Eustaquio’s reasoning is simple.
“He is the only guy who knocked me out and I think I can also knock him out,” he states.
Wakamatsu, currently the number 4-ranked contender in the flyweight division, went toe-to-toe with Eustaquio at ONE: Dawn of Heroes in August in 2019 and knocked him with a crushing right cross just under two minutes into the match.
It was the first time the Baguio City-native had ever been knocked out in his nine-year professional mixed martial arts career.
Eustaquio certainly respects the Japanese star but he is also confident he can live up to his reputation and even the score if given the opportunity.

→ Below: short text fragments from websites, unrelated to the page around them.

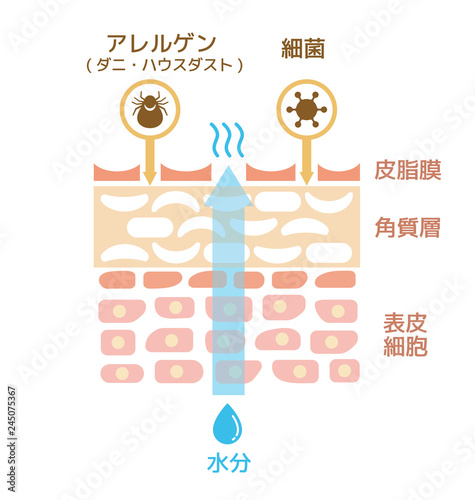 皮膚断面図 / ダメージを受けた皮膚イラスト (文字あり)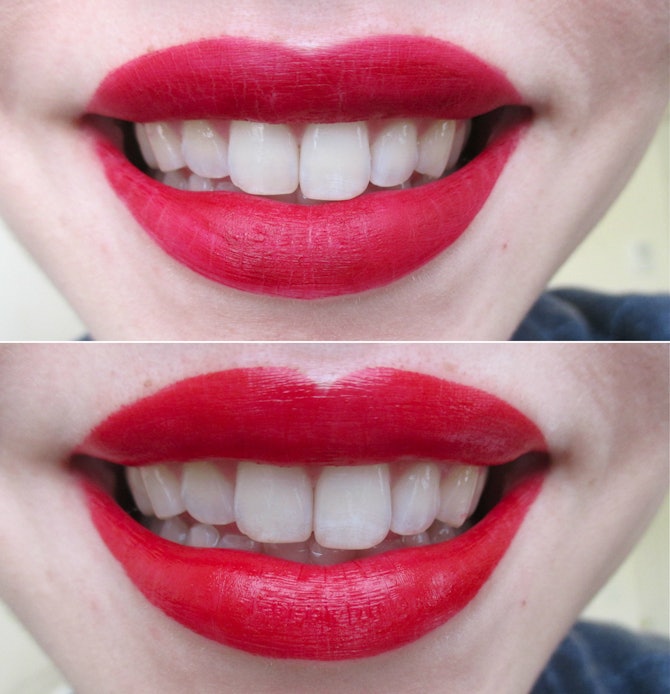 What Color Lipstick Makes Teeth Look Whiter? A Handy Guide To Getting
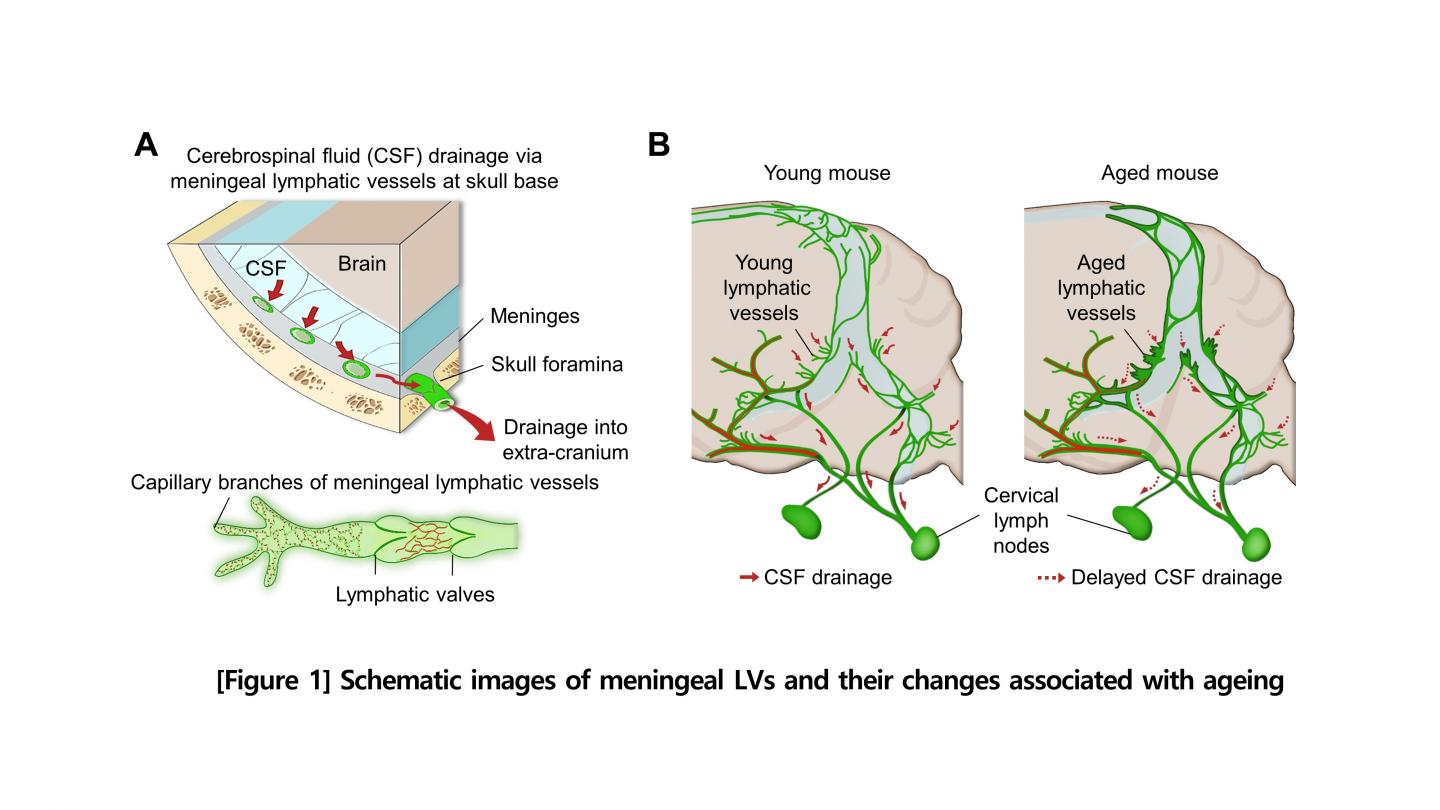 Figure 1: Schematic Images of Location and Features of Meningeal Lymphatic Vessels and Their Changes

“The fighting style of Yuya is like wait for the knockout, wait for the knockout. It’s that kind of stuff,” he says. “Maybe if we’re going to compete again, I will push him. I will give the pace and we’ll see who can get the knockout.”
Ultimately, a second match-up between Geje and Wakamatsu is a decision for ONE’s matchmakers, and Eustaquio is perfectly fine with whoever they choose as his next opponent.
But if given the chance to dance with Wakamatsu again, “The Rematch King” is prepared to live up to his moniker.
The Team Lakay flyweight solidified his moniker “The Rematch King” winning sequels against the likes of reigning ONE Flyweight World Champion Adriano Moraes, Kairat Akhmetov and Anatpong Bunrad.
In November last year, Eustaquio ended 2019 by avenging a prior loss in highlight-reel fashion.
In ONE: Masters of Fate, the Filipino squared off against old foe Toni Tauru, who had defeated him via rear-naked choke nearly three years earlier.
But that night in Manila, the former flyweight king displayed his vast improvement in the Circle.
The Team Lakay veteran hung tough with the Finnish grappler on the ground, outstruck him as the match wore on, and ultimately landed a spinning back kick to the liver that earned him a third-round knockout victory.
For Eustaquio, it was an emotional moment.
“I was overwhelmed because my 2019 was up and down, [so I felt] very good that I closed 2019 with a knockout,” the Baguio City native recalls.
“I can still remember my jiu-jitsu was not very good [when I first fought Tauru]. But as time went on, as we always say in the gym, ‘We improve every day, as much as possible.’ There was a lot of development every day I was training, so I’m very happy I had gotten my revenge.”